Why do we lie? Why do children lie? How do we understand the different between the truth and the lie, and why do we know internally even before we are told that lying is wrong and telling the truth is right?

Sometimes it’s really interesting to see a secular world grapple with these big questions and try to answer them with the toolbox that a secular worldview provides. It’s a limited toolbox because you can’t talk about God, you can’t talk about being made in God’s image, you really can’t talk about conscience, in any way other than thinking of it as some kind of mechanism produced by natural selection or evolution. But never answers the fundamental question of why? Why is right to tell the truth? Why is it wrong to tell a lie? Why is it that virtually every parent wants the child to tell the truth rather than to tell a falsehood?

Those are huge questions, and it’s interesting that The Washington Post recently turned to new scientific research to try to answer these questions. William Wan and Sarah Kaplan reporters of The Washington Post tell us, “We all do it sometimes even though we know it’s wrong, but here is the problem with lying research shows that the more you lie the easier it gets, and the more likely you are to do it again.”

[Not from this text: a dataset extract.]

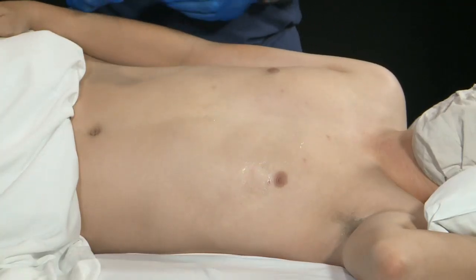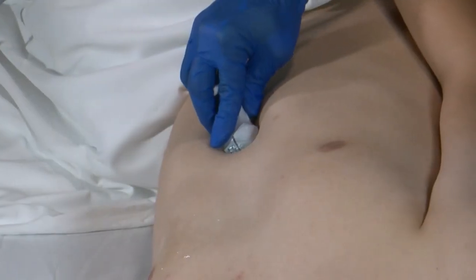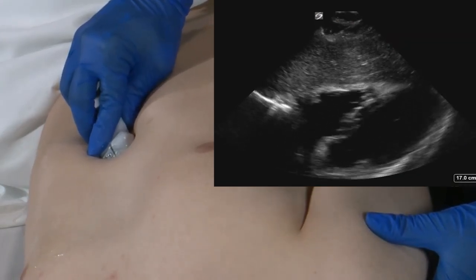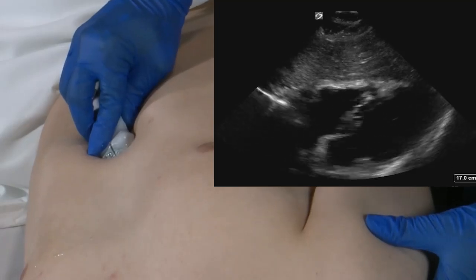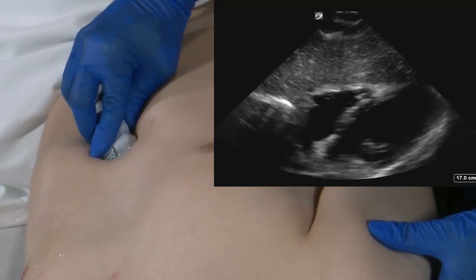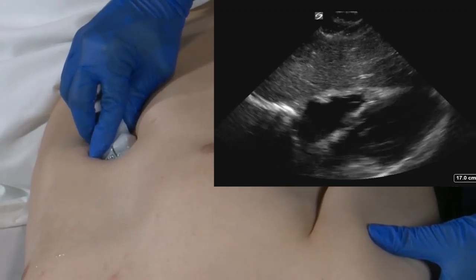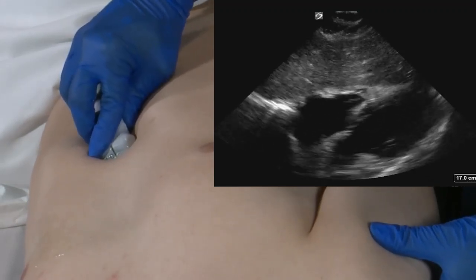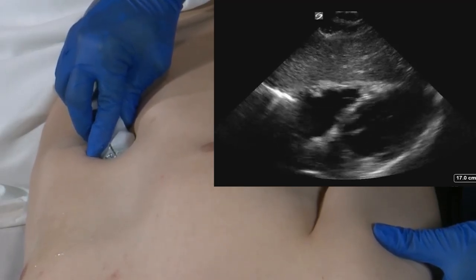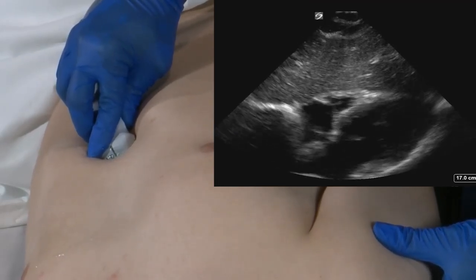Next, we will image our subcostal four-chamber view. To do this, we're going to put the transducer immediately underneath the xiphoid process. We'll hold the probe almost flat against the abdominal wall, and the marker dot is going to be directed towards the patient's right flank. Here we're using the liver as our window to see into the heart. We will identify the right ventricle, the right atrium, the left ventricle, and the left atrium. We'll pay particular attention to the pericardial sac, looking for any pericardial fluid that may be visible or detectable in this orientation.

Now again, that didn’t come from some kind of moralistic literature, that came from The Washington Post. The article continues turning to science, very modern science. Diane Reilly behavioral psychologist at Duke University said, “The dangerous thing about lying is people don’t understand how the act changes us.” Now we’re just a few lines into this secular article in a major secular newspaper about a secular consideration of truth and the lie, and already two huge issues of moral importance have been underlined. The first came in the second paragraph where we are told and I quote again, “Research shows that the more you lie the easier it gets, and the more likely you are to do it again.”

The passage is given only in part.